Several security researchers have uncovered a new serious Wi-Fi attack known as WindTalker that can be used against public networks. For more information about it continue reading our article.
The WindTalker Wi-Fi Attack Can Be Harmful To Many
Seven computer researchers have discovered a new public Wi-Fi attack known as WindTalker.
The team of scientists consisted of five from the Shanghai Jiao Tong University in China and two from the University of Massachusets at Boston and the University of South Florida in Tampa. The vulnerability allows malicious operators to potentially read the keystrokes of the connected users based on their finger position.

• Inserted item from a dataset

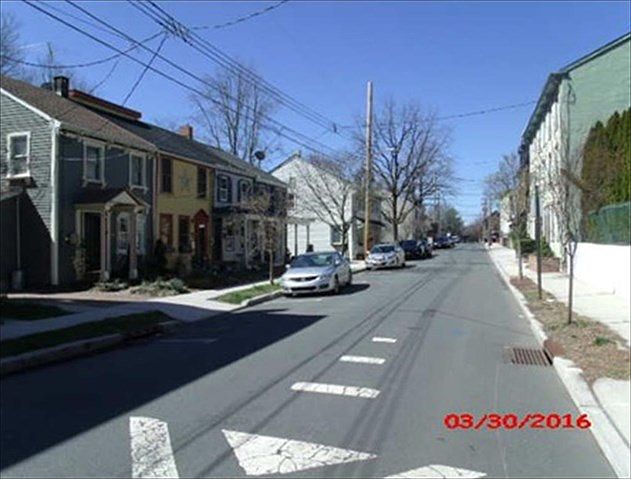 2nd image of 55 Ferry St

The details are given in a thorough research paper where the scientists describe their findings. The public Wi-Fi hack is motivated from the observation that keystrokes on mobile devices lead to different hand coverage and distinctive finger motions. They introduce a unique interference in the multi-path signals and are reflected by the channel state-information (CSI). This ultimately allows remote attackers to exploit this fact to their advantage by analyzing the stream data. When connected to a public Wi-Fi network the hackers can attempt to use this fact to their advantage by collecting the target CSI data.
The WindTalker attack does not hack the network or compromise any of the target devices. It merely uses the Wi-Fi network to collect the CSI traffic and can launch keystroke interference. The mechanism can be integrated into an application that can run without notifying the user.
An example attack was done against the service Alipay which is one of the largest mobile payment solutions in the world. The demonstration shows how password interference can be deployed and how the remote attacker can recover various sensitive data with a very high success rate.
The researchers built the attacking device using off-the-shell hardware by using a commercially available laptop running the Gnu/Linux distribution Ubuntu 14.04 LTS with a modified Intel drive which allows for CSI collection. The team used ICMP echo and reply messages to achieve a sampling rate of 800 packets per second.
The paper also discusses several defense strategies that can be used to prevent CSI data collection:
- Users should not connect to public Wi-Fi networks as they might be operated by malicious users.
- Obfuscation of CSI data by the user.
- Introducing randomized human behaviour patterns.